Wells Fargo, a gold rush company

Henry Wells

The wealthy investors on the east coast watched the news of gold in California carefully. A booming economy fueled by gold and a flood of emigrants presented incredible opportunities for savvy businessmen. One of whom was Henry Wells, a former freight agent for the Erie Canal who had formed his own company and competed successfully against the US Post Office by carrying mail at less than the government rate. In 1850 Wells joined two of his chief competitors, John Butterfield and William Fargo in the American Express Company. Immediately Wells, as president, and Fargo, as vice-president, pushed for expansion of the company into California but the board of directors balked, fearful that the Adams and Company, already in California, would acquire a monopoly. But on March 18, 1852 they organized Wells, Fargo and Co. with a $300,000 capitalization.
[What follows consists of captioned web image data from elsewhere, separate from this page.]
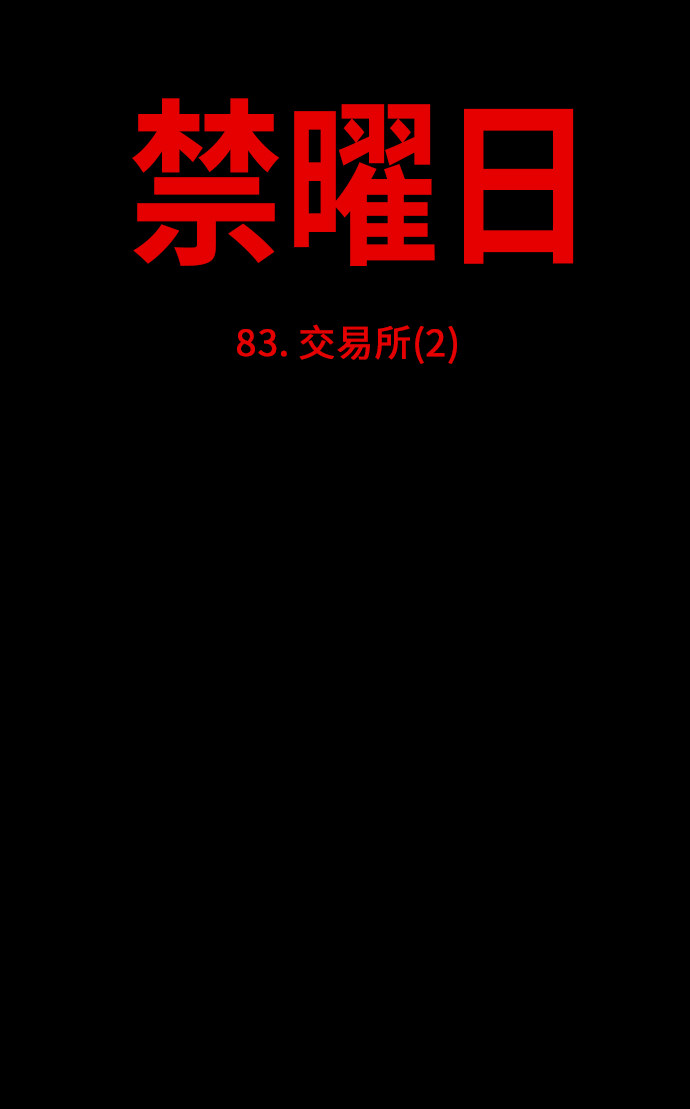 第83话15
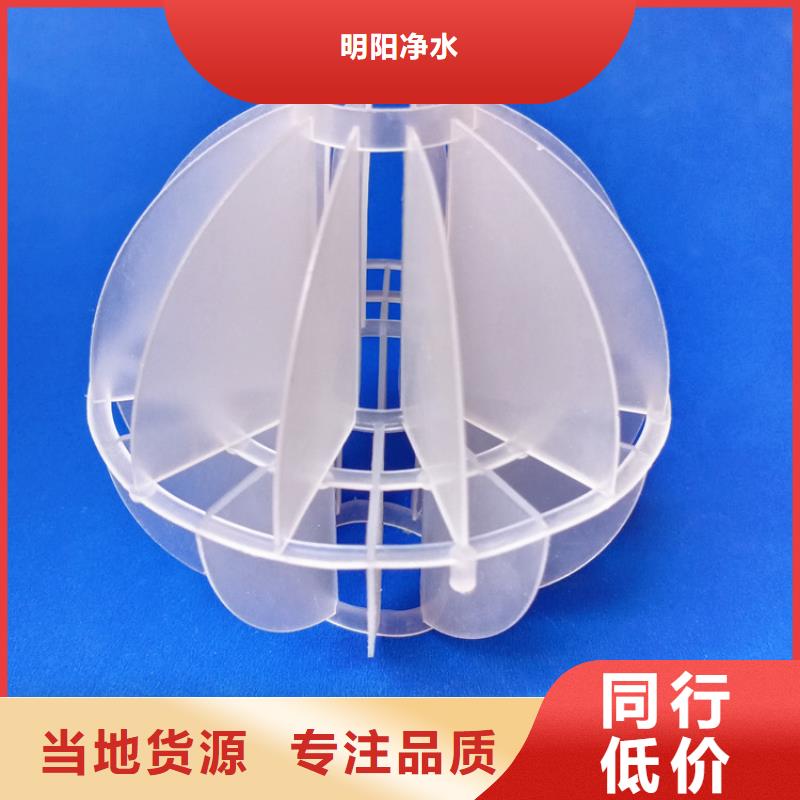 石英砂视频-广东省汕头市|潮南|潮阳|东莞|梅州|广州|江门石英砂-明阳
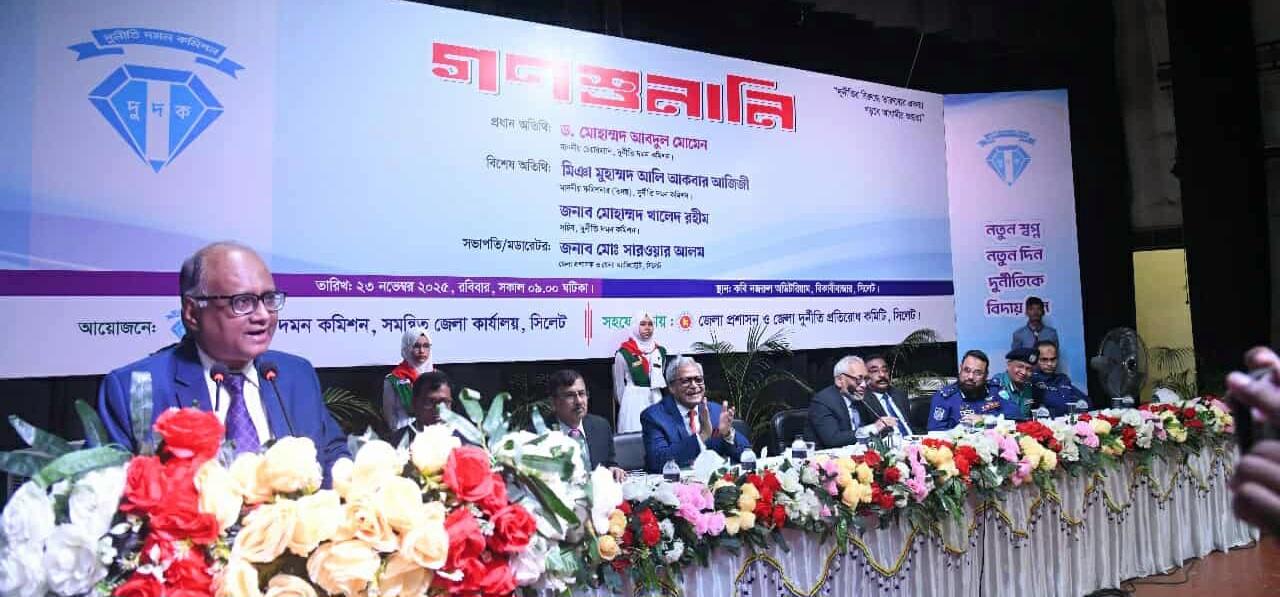 গণমাধ্যমকর্মীরা দুর্নীতির বিরুদ্ধে মূল হুইসেল ব্লোয়ার—দুদক চেয়ারম্যান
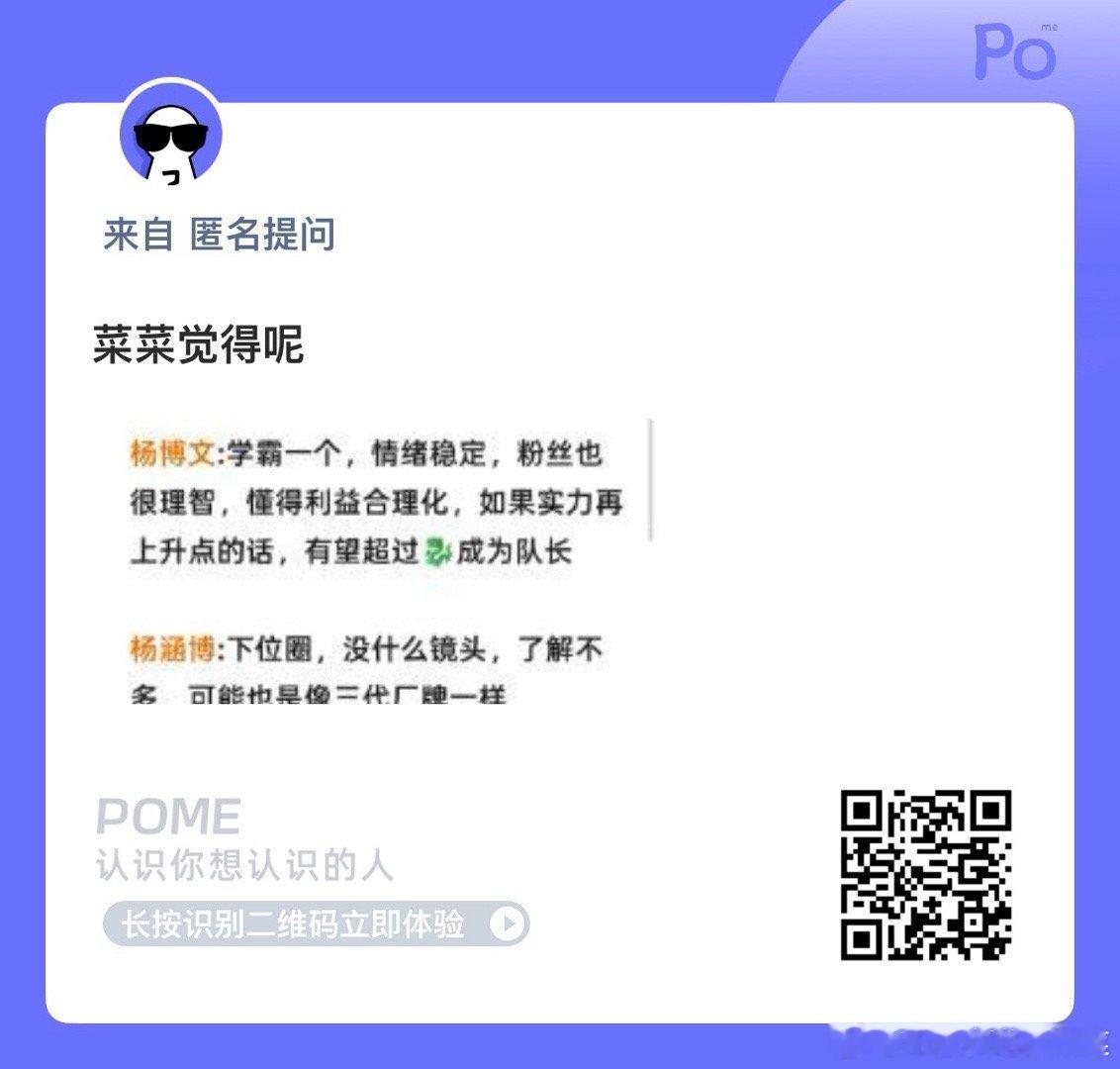 xnb好多啊 ​​​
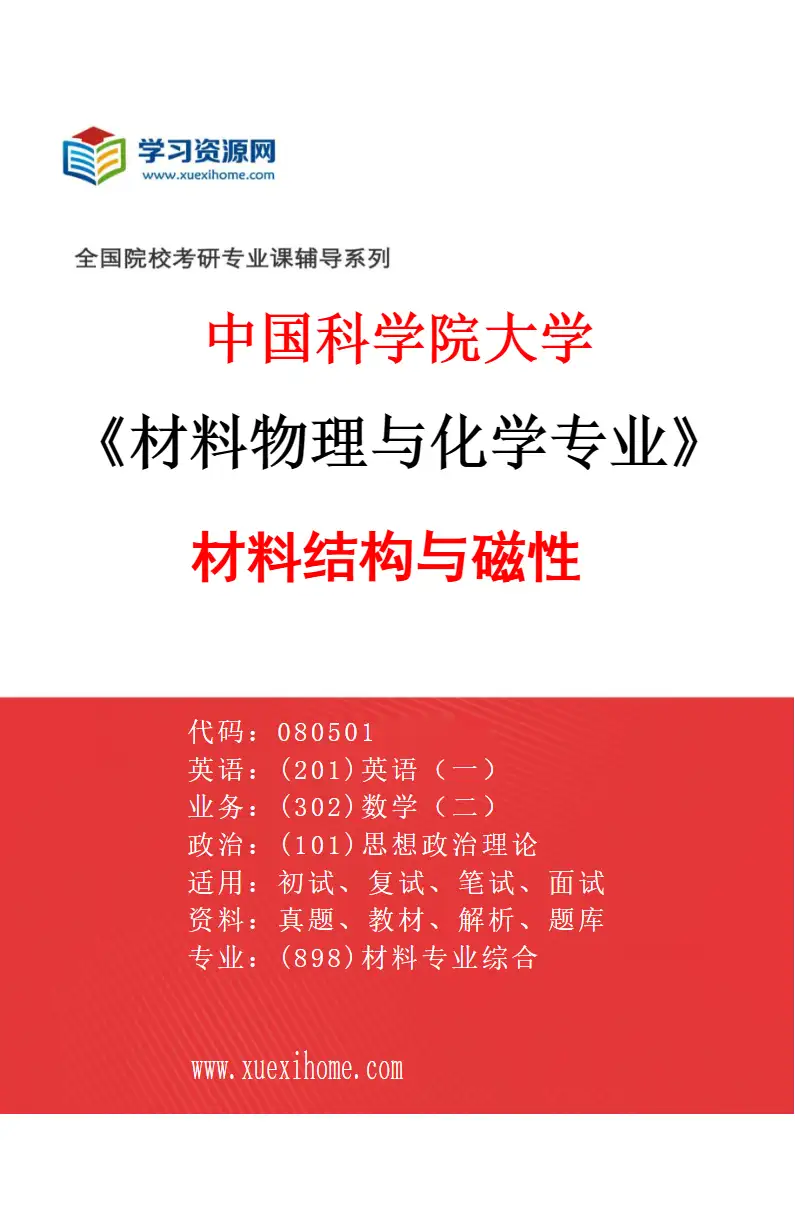 2027年中国科学院大学材料物理与化学专业（08）材料结构与磁性研究方向考研资料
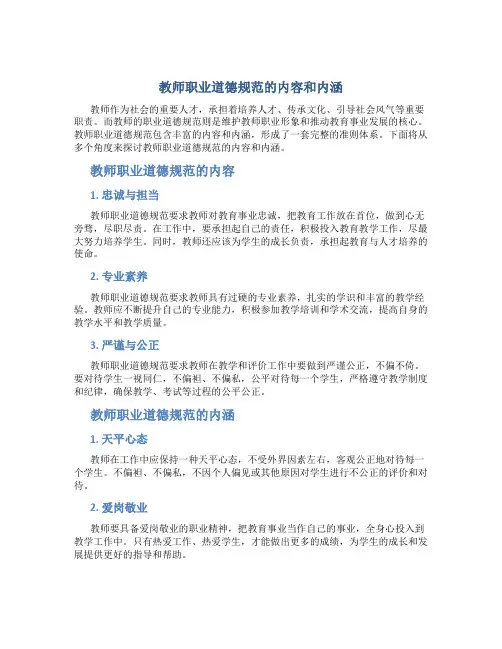 教师职业道德规范的内容和内涵(一)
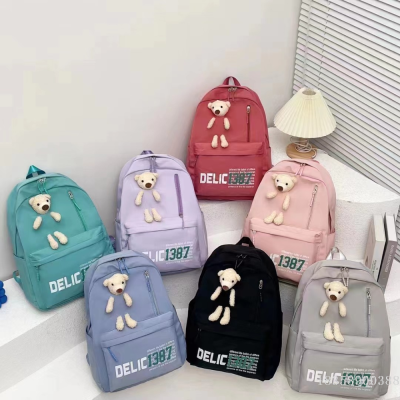 Junshuai Composite Cloth Backpack Student Backpack
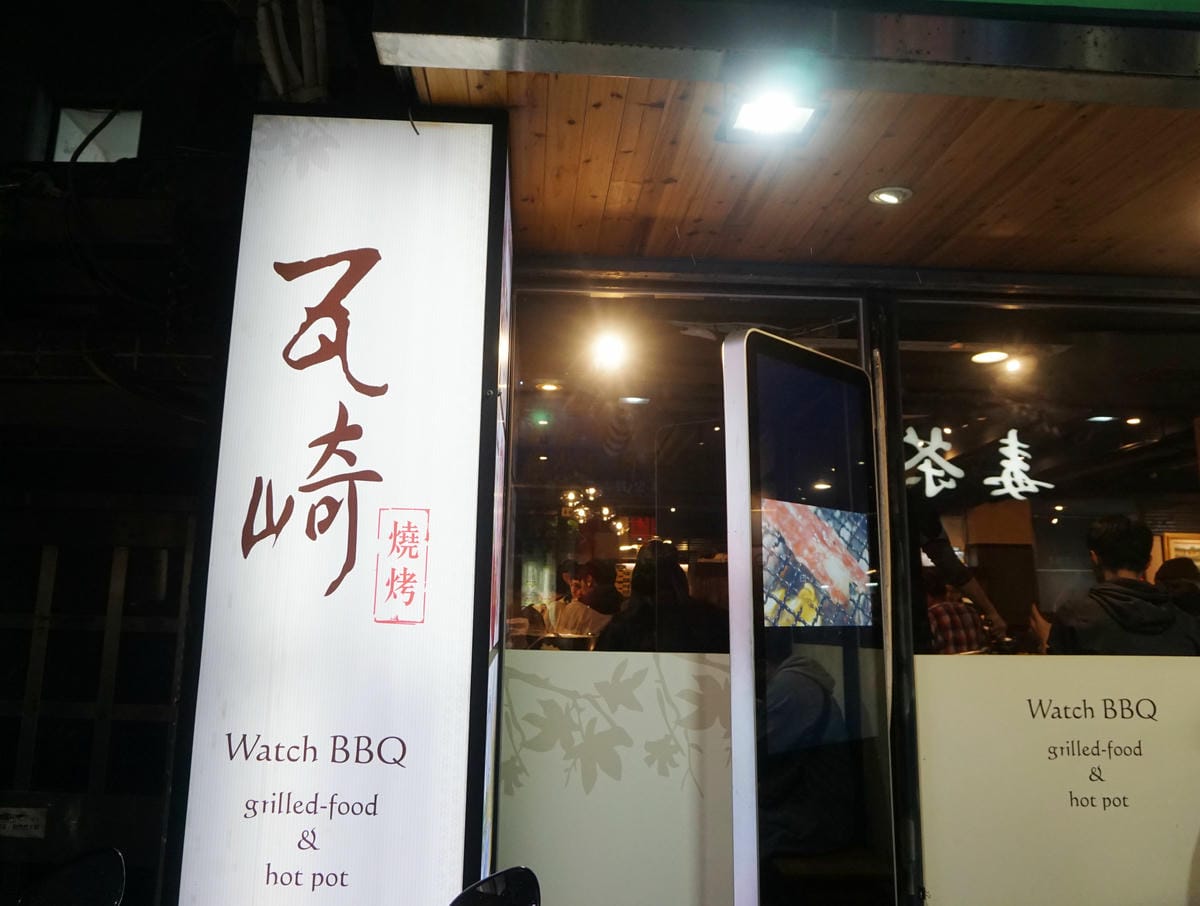 瓦崎燒烤火鍋 瓦崎燒烤火鍋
American Express Shipping Receipt 1853

Business began on May 20, 1852 with an announcement in the New York Times followed on July 3 with another in San Francisco’s Alta California paper. But by this time in the gold country Wells Fargo faced fierce competition from already established companies in the express business as well as in the banking business. Still, Edwin Morgan, president until November 1853, and his successor, Danford Barney, set up express and banking offices in key gold rush areas where they offered a full range of services including the buying and selling of all forms of gold, and express mail and freight between New York and California. By contracting with existing express companies across California they quickly gained a solid foothold.

William Fargo 1862

Then in 1855 the parent company of Page, Bacon and Co., a San Francisco bank, collapsed, setting off a run on the bank and a general panic that quickly involved the entire financial community and Wells Fargo was forced to close its doors. By the next Tuesday Wells Fargo was able to reopen as one of the few financial institutions left on the west coast. Although it lost about a third of its assets it had survived because it had sufficient cash reserves on hand to meet the crisis. This gave the company a reputation for dependability, and coupled with the loss of so many competitors, Wells Fargo expanded rapidly across the entire west. It started its own stagecoach line and later took over and ran the Overland Mail Company and was deeply involved in the Pony Express.

 

Comments

  1. I really enjoyed the information in this post. The early days of banking in that area are fascinating. I wonder how many starting ‘cities’ had that problem. I know when Colorado Springs started in 1871 they had a bank, but it closed its doors in 1873 at the beginning of the long depression. Fortunately another bank opened at about the same time so the city was able to grow.

    • Actually Wells Fargo started as an express company. They competed with the Adams Express in the beginning but all the big express companies went into banking. They were the ones who hauled the gold in from the mines anyway so why not. There was a run on banks in early san Francisco too. It wound up helping Wells Fargo by getting rid of Adams & Co. I do like your comments, Doris. Thanks.